Despite his early death at the age of 31, the composer was prodigiously productive, with special attention to his roster of art songs. “Schubert is probably best known for his hundreds of songs, so it was impossible to do a concert of his music without some,” Blankenburg said.

“I am so grateful that Susan and Gayle thought of me for this concert, because Schubert truly was the father of the German Lied,” said Hennessey. “Other composers had worked in this vein, but he was the master. His integration of text and music is so visceral that words could be absent and the listener would still understand the story being told.”

Hennessey worked with her colleagues to select songs that would best fit the program’s intentions. “In choosing a short set of Schubert songs,” she said, “my approach was to show as much of the variety in his writing as possible. Showcasing well-known pieces alongside lesser-known gems in the time allotted was the goal, while being sure that the set flows emotionally for the audience.”

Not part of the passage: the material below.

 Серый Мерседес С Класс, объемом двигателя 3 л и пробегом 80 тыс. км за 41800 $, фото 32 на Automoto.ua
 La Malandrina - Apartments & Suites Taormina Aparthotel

Concert-goers used to the mighty forces of a full symphonic orchestra may need to make some adjustments in savoring the chamber-music experience.

“For those who may not be familiar with the term,” Cook said, “chamber music means any small classical music ensemble in which each player plays their own part, unlike in a symphony orchestra where there are multiple players playing the same part – at least in the string sections.”

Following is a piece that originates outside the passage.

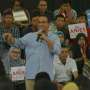 Pernah Bertemu FPI Alasan Anies-Sandi Bakal Kalah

Chamber music places a greater responsibility on each player in the scaled-down ensemble.

Blankenburg used a sports analogy to illustrate her concept of chamber music.

“When I think of listening to a chamber music concert, I often think of a basketball team,” she said. “Each player on the team needs to excel individually, but each player also must know where his other teammates are, what they are likely to do, and how best to interact with them. This is exactly how chamber music works. There is no conductor, so it is up to the players to know exactly how their own parts should go, but also every other person’s part, how they should interact with those other parts, and how to communicate with small visual cues throughout the performance. When you are playing in an excellent group that is compatible, it’s a total blast.”

While it’s a blast playing chamber music, it’s also important to celebrate the works of Schubert, Cook said.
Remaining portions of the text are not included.